CNRS researchers in Laboratoire UMR-637 (INSERM/Université Montpellier 1 & 2), working in collaboration with researchers from Université d'Avignon, exposed healthy rats for four weeks to pure air or to air enriched in CO at a level reproducing the conditions of urban pollution. The aim of this study was to assess the effects of chronic CO pollution on cardiac function in a healthy experimental model, both in vivo, using echocardiography and electrocardiograms (ECG), and in vitro by measuring different parameters in cardiomyocytes (cardiac cells).
The results revealed that chronic CO pollution caused changes to cardiac morphology and function. In rats in the CO group, the effects of these differences were observed at the level of the left ventricle, together with localized signs of stress and cardiac remodeling. At the cellular level, cardiomyocytes displayed contractility defects and arrhythmic events.

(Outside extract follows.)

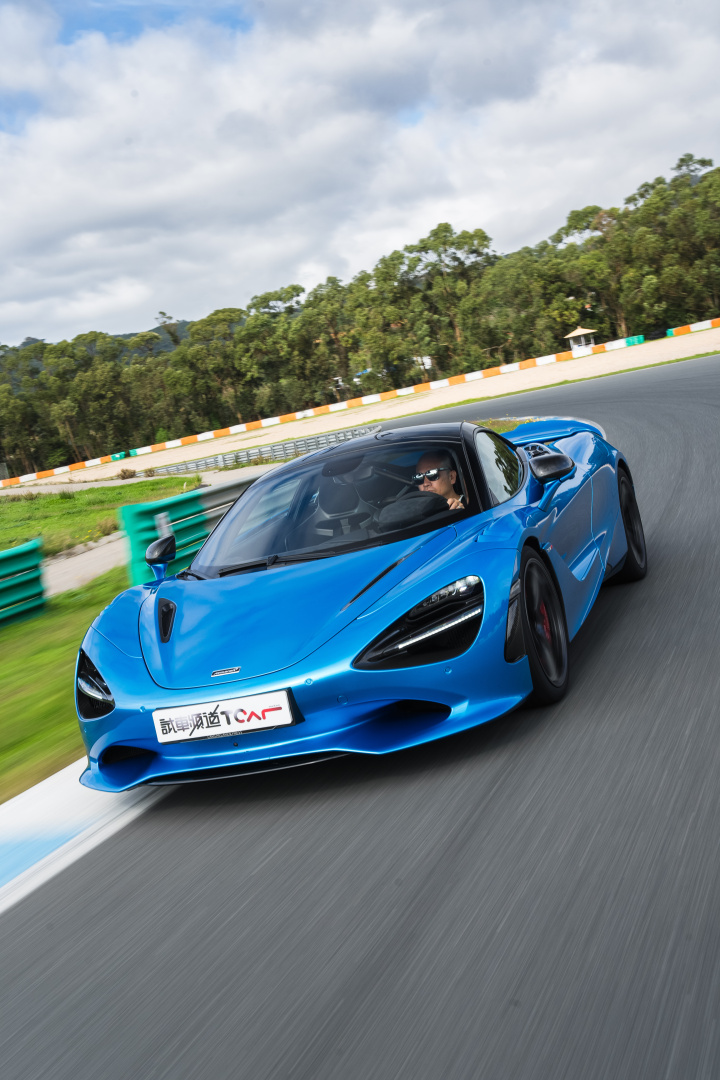 SMALL_McLaren_750S_TheDrive-1336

A moderate "hyperadrenergic" state, which reveals stress and is known for its implication in the development of cardiac hypertrophy and fibrosis, tachycardia and the risk of sudden cardiac death, was also observed. Finally, an impairment of calcium handling by cardiomyocytes was also demonstrated, which could trigger extrasystoles and ventricular tachycardia, with a risk of sudden death.
In healthy rats, chronic exposure to CO thus led to cellular alterations that are normally seen in a context of heart failure. The less severe in vivo phenotype suggested that compensatory mechanisms had developed. By "canceling out" the effects of CO, they enabled the myocardium to function normally. But they placed the cardiac cells under a chronic state of stress, so that if an additional stress occurred, such as myocardial infarction, the consequences for the heart would be more severe. The same two research teams (Avignon and Montpellier) have also recently shown that chronic exposure to CO increases the cardiac damage induced by myocardial infarction to a very significant degree.
At a diagnostic level, and if these results can be extrapolated to humans, this study shows that the harmful effects of CO pollution may be difficult to detect using routine clinical investigations such as echocardiography or short ECG recordings, because they are mainly observed under conditions of stress and at the cellular level. Nevertheless, preliminary findings appear to indicate that in healthy humans, after an exercise test, there is a correlation between the carboxyhemoglobin level in the blood (representative of atmospheric CO that can be analyzed in a simple blood sample) and the onset of arrhythmic events.
Current studies are trying to determine under which conditions, and after what duration of exposure, the cellular effects observed here could cause more severe pathological effects in vivo in animals, and then in humans.